Recently, Kim’s ninth grade son, Matthew, took an English exam. In spite of thoroughly preparing for the test, the exam was hard. So hard, in fact, that thirty-five minutes into the ninety minute test, he decided it wasn’t worth finishing. He handed the test to the proctor and walked out.
As you would expect, the fallout for not finishing this exam is a failing grade. Given the work that he has done in the course to improve and even excel, failing this test left him feeling defeated. He was ready to write letters of angry protest and picket for justice, which in this case meant an easier exam.
For Kim, watching Matthew struggle–and fail–triggered a complex array of emotions ranging from empathy to her own feelings of failure as a parent, thus complicating an already complicated situation.

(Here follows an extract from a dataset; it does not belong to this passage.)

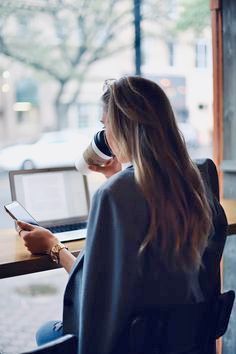 a woman sitting at a table with a cup of coffee in front of her and looking out the window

She wanted to do something to make the situation “right” but struggled to know what that was. Fortunately, her own conflict consumed her long enough for Matthew to fully digest the experience. After giving it a great deal of thought, Matthew realized for himself that if he studied differently–and harder–he would be able to pass this exam. He petitioned for a retake (which has been granted) and he is gearing up to take the exam again.
In her commencement speech at Harvard University in 2008, J.K. Rowling reminded graduates that, “Some failure in life is inevitable. It is impossible to live without failing at something, unless you live so cautiously that you might as well not have lived at all, in which case, you fail by default.” As you finish this school year and celebrate your children’s accomplishments, we hope that you will at least pause and give a nod to failure, for without it, great success would not be possible.